|Home | About | Journals | Submit | Contact Us | Français|
In this pilot study we sought to determine the reliability and validity of collecting speech and voice acoustical data via telephone transmission for possible future use in large clinical trials. Simultaneous recordings of each participant's speech and voice were made at the point of participation, the local recording (LR), and over a telephone line using a dedicated in-line computerized interactive voice recording system, the remote recording (RR). All voice recordings were made from our laboratory telephone located in Groton, Connecticut to the RR system located in Madison, Wisconsin. All data points were compared on a measure-by-measure basis between the LR and RR recordings. The results suggest that both measures of frequency excursion and of speech motor timing are reliably captured over the telephone. Results are discussed in terms of specific acoustic measures that may be useful and accurately measured via telephone transmission, for examining disease severity and pharmacological intervention for use in a large-scale clinical trial.

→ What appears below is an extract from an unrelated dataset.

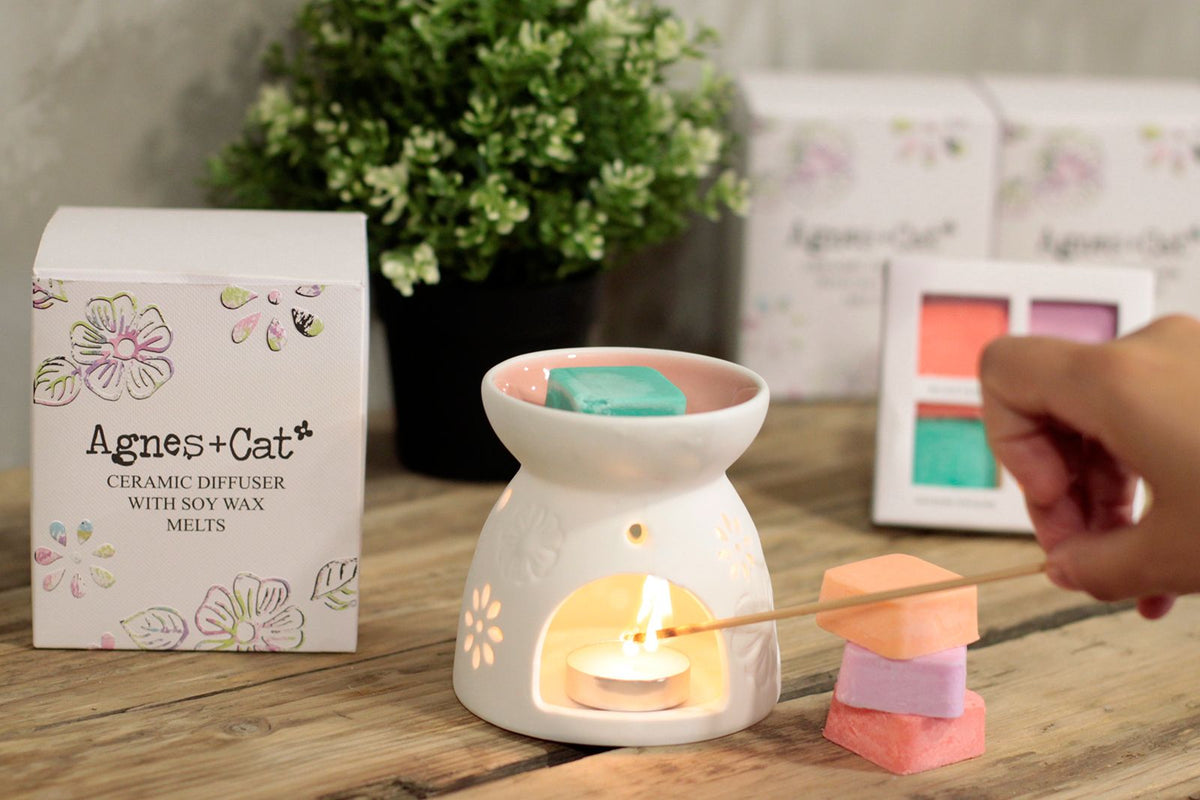 Agnes + Cat Wax Melter with Four Soy Wax Melts – Floral Ceramic Burner | CardsAmoreStore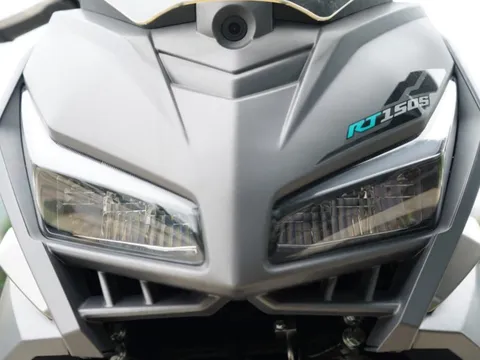 Tin xe hot 2/11: Ra mắt ‘xe ga quốc dân’ mới xịn như Honda SH, giá 40 triệu đồng rẻ hơn cả Air Blade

A variety of voice acoustical measures have been shown to be potentially sensitive markers of disease severity and therapeutic treatment response in both motor and affective central nervous system (CNS) disorders. These measures, related to either the motor timing aspects of speech or prosodic control of speech, have been employed in the study of diseases ranging from Parkinson's disease (Goberman, Coelho, & Robb, 2002; Goberman & Coelho, 2002a; Goberman & Coelho, 2002b) to Major Depressive Disorder (Ellgring, & Scherer, 1996; Nilsonne, 1987; Nilsonne, Sundberg, Ternstrom, & Askenfelt, 1988; Flint, Black, Campbell-Taylor, Gailey, & Levinton, 1992; Stassen, Kuny, & Hell, 1998; Teasdale, Fogarty, & Williams, 1980). Although the recording of human voice samples, within the context of conducting multi-centre clinical drug trials may at times be desirable, it is a logistically difficult task. Creating ideal recording conditions (e.g., the use of a soundproof booth, on-location recording equipment, and well-trained staff) is typically neither cost nor time permissible for a study including large numbers of participants across multiple study sites. In an effort to move the field of communication sciences and disorders towards evidence-based practice, and participation in randomized clinical trials, it is first necessary to determine suitable avenues of large-scale data collection. Therefore, this study was conducted to determine the methodological challenges, sensitivity of measurement, and the overall appropriateness of using the telephone to collect potentially useful and disease/disorder-specific voice acoustical data.
The use of the telephone is not a new avenue for the collection of objective speech data. Telephone data collection has a diverse background in documenting lexical stress (van Kuijk, & Boves, 1999) and interview success and perceptual ratings of speech (Sharf, & Lehman, 1984), as well as speech timing in affective disorders such as schizophrenia and mania (Friedman, & Sanders, 1992). However, none of these authors sought to investigate and report on the integrity of the voice signal, and the possibility of degradation and/or alteration of the signal data as a result of telephone transmission.
Due to the wide range of measures that may be useful for the acoustic analysis of disordered speech (see for example Kent, Weismer, Kent, Vorperian, & Duffy, 1999), we have limited our focus to two types of variables (i.e., time dependant and frequency dependant) that have previously been shown to be clinically meaningful for understanding several dopamine related CNS disorders in which we hold an interest. In this initial study, we focused our efforts on two time dependant measures, speaking rate and voice onset time, and two frequency related measures, pitch excursion as measured by fundamental frequency (F0) variation and vocal range (Hall, & Yairi, 1997; Kent et al., 1999; Nishio, & Niimi, 2001; Turner, Tjaden, & Weismer, 1995; Weismer, Laures, Jeng, & Kent, 2000).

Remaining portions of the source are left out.